• _SUPPLIED DATA_:
- - - -
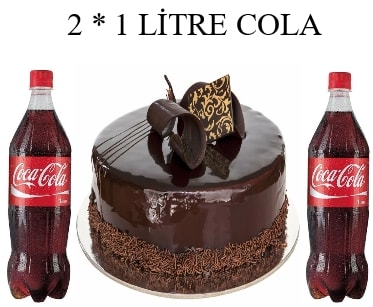 Klasik Çikolata Keyfi: Pasta ve 2x1 Lt Cola Paketi Siirt pasta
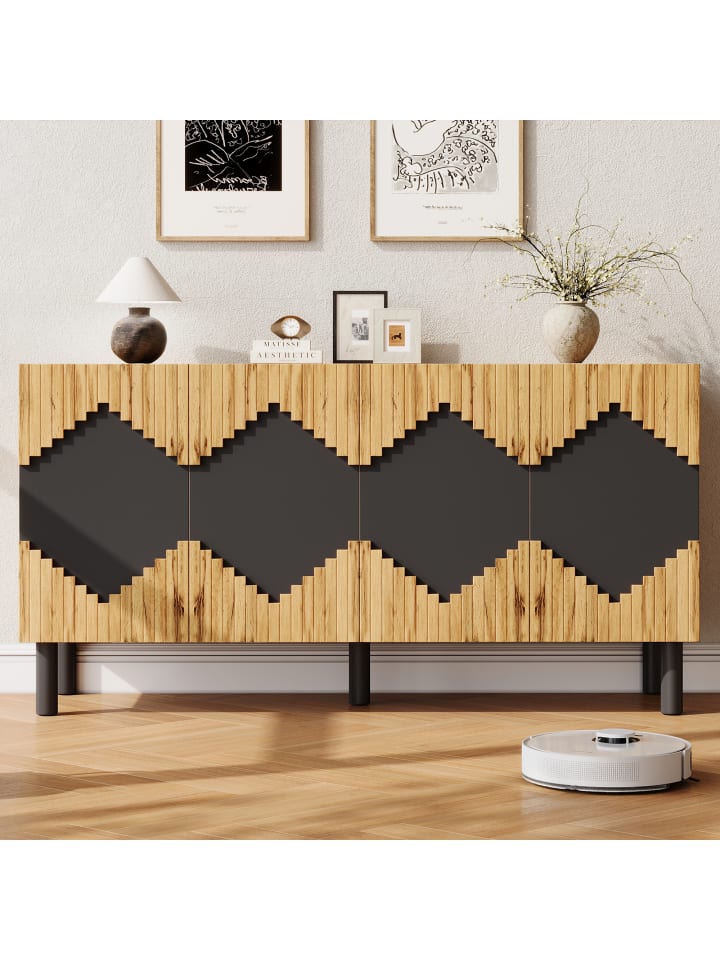 Sideboard in Holzfarbe Schwarz 140x40x70 cm mit 2 Türen Rautenmuster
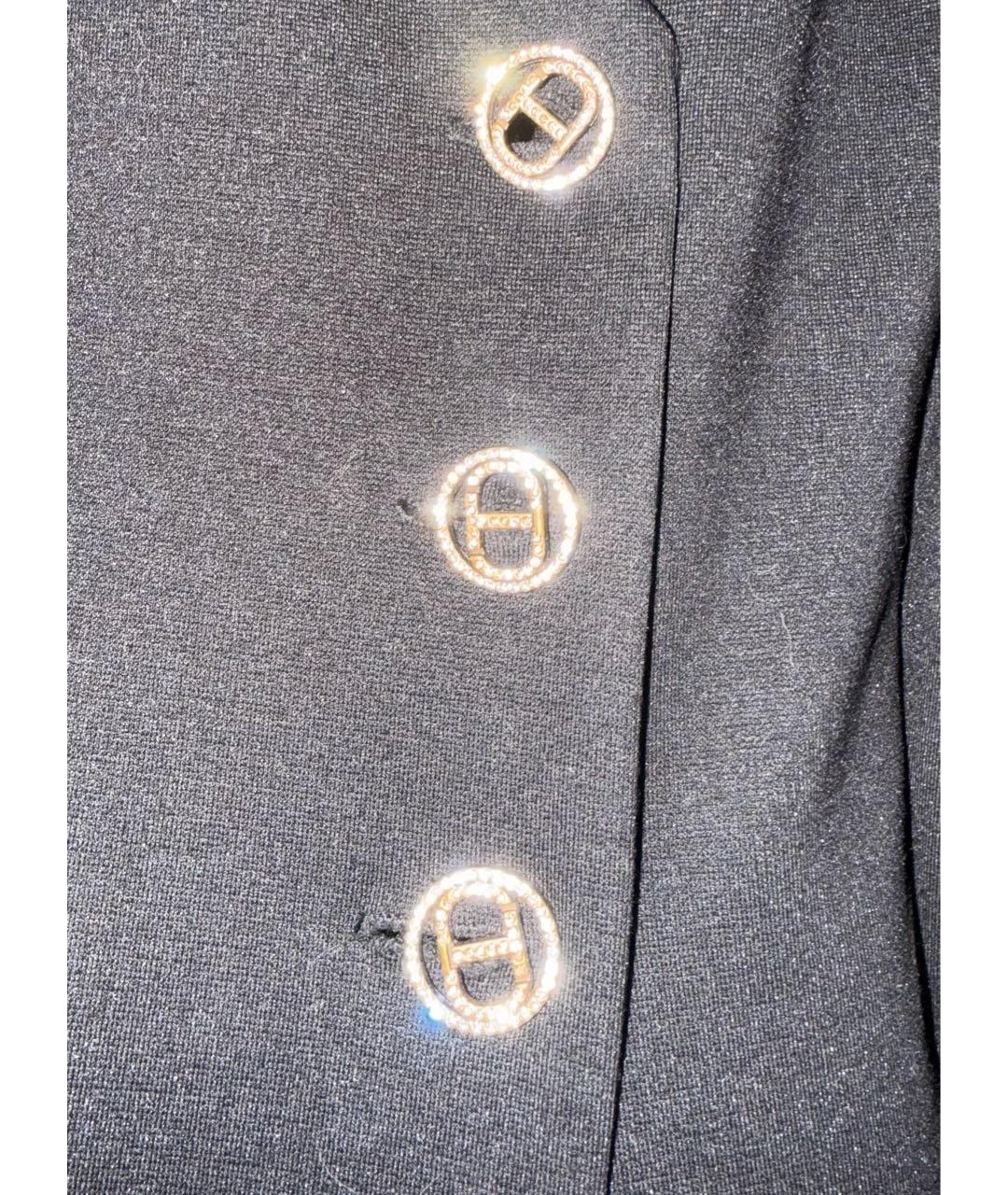 TWIN-SET Черное вискозное коктейльное платье, фото 4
- - - -
• _YOUR OBJECTIVE_:
Copy out the whole listing word for word, except for any picture it includes.

• _TASK OUTPUT_:
 Klasik Çikolata Keyfi: Pasta ve 2x1 Lt Cola Paketi Siirt pasta
 Sideboard in Holzfarbe Schwarz 140x40x70 cm mit 2 Türen Rautenmuster
 TWIN-SET Черное вискозное коктейльное платье, фото 4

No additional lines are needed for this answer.